Does every finite group have a finite cyclic subgroup?
It's not necessary to invoke Cauchy here, because you are not asking for a specific-order cyclic subgroup. It is trivial that if $g \in G$ then $\langle g \rangle \leq G$ (which is the smallest subgroup which contains $g$).
And it's trivial that $\langle g \rangle \leq G$ is cyclic (in fact it contains elements of the form $g^m$ for some $m$.)
Then pick one non identity element of $G$ (it exists because $|G| \geq 2$), then it has order at least 2 (it contains at least $1_G$ and $g$) and so $\langle g \rangle \leq G$ is a cyclic subgroup of order at least 2.
Suppose that $G$ is a finite group of order $n$. Then there exists a prime $p$ with $p\mid n$. According to Cauchy's theorem, $G$ has an element $g$ of order $p$, and hence a cyclic subgroup $H=\langle g \rangle$ of order $p$. Cauchy's theorem can be seen as a partial converse to Lagrange's theorem. There is also a class of groups, so called CLT groups, for which the converse of Lagrange's theorem holds.

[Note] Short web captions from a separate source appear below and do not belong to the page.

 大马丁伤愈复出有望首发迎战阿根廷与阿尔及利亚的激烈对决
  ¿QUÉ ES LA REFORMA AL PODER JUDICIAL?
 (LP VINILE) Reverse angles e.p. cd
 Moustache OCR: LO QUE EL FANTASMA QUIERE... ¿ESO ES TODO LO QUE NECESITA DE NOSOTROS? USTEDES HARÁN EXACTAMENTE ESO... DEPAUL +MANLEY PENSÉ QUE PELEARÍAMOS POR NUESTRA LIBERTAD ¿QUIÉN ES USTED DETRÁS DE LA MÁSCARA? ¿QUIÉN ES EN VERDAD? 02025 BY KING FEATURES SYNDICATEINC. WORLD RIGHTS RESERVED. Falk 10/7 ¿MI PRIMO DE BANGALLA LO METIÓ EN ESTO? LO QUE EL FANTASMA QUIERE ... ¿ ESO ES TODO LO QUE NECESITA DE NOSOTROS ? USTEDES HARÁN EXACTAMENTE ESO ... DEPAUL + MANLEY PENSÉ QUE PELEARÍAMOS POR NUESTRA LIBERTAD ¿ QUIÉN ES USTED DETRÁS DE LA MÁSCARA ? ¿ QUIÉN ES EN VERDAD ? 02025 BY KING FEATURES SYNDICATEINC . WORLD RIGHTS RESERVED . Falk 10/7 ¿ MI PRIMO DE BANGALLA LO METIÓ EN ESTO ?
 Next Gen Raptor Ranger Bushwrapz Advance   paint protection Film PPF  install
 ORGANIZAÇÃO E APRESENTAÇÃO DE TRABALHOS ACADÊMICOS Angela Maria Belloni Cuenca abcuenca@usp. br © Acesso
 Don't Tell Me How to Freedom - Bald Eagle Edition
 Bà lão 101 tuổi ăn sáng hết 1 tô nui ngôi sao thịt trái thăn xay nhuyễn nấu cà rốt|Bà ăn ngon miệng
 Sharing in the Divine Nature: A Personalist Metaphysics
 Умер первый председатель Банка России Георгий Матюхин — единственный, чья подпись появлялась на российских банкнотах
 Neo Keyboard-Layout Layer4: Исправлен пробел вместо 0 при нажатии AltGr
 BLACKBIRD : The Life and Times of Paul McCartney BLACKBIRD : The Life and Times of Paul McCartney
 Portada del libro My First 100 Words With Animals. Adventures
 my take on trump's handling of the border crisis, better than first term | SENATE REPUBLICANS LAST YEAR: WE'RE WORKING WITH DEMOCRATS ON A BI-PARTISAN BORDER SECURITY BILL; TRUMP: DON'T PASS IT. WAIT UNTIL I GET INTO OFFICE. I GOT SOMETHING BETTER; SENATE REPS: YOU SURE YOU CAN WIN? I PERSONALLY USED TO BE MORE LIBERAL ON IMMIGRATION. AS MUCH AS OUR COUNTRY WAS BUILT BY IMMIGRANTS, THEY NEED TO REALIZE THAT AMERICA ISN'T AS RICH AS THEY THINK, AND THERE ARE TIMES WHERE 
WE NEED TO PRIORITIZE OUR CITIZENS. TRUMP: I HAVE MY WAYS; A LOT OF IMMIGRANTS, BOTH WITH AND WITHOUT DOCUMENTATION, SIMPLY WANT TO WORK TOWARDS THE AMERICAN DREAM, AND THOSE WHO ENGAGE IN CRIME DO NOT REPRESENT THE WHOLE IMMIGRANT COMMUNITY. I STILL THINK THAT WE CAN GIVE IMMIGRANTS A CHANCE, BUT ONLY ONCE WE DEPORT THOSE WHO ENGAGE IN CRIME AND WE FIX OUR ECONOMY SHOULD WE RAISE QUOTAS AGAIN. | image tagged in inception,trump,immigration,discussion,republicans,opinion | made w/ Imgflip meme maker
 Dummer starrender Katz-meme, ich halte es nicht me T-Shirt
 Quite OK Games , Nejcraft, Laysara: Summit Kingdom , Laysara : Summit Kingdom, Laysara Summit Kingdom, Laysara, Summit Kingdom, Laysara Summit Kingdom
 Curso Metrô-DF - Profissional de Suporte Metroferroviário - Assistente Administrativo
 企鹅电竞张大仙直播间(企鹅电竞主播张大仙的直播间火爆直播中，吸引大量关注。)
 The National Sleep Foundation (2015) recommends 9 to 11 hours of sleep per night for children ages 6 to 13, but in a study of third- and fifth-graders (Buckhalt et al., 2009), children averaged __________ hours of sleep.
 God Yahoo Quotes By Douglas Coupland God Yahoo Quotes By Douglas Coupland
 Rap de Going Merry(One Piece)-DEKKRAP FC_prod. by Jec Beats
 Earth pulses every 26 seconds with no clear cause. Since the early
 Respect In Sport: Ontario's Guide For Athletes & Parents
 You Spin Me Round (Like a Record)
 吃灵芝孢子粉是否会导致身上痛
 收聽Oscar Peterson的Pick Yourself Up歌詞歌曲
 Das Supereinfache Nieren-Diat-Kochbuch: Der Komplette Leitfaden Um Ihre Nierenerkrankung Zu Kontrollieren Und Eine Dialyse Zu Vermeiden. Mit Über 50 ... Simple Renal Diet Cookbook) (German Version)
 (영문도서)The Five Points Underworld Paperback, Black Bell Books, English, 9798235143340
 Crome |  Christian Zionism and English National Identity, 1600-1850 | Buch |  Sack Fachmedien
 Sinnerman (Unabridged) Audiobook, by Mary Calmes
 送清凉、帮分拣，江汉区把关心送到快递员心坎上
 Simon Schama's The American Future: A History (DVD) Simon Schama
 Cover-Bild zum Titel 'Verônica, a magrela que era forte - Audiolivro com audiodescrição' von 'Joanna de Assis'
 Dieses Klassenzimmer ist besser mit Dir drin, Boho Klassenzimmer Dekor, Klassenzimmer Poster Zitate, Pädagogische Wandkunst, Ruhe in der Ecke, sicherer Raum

A finite group $G$ is a CLT-group if and only if for each positive divisor $d$ of $|G|$ there exists at least one subgroup $H\le G$ with $|H|=d$. It turns out that every CLT-group is solvable, and every supersolvable group is a CLT-group. For example, every finite group $G$ with $(G:Z(G))<12$ is a CLT-group. The result is best possible, because $A_4$ satisfies $(G:Z(G))=12$ and $A_4$ is not a CLT-group (it has no subgroup of order $6$, although $6\mid 12=|A_4|$).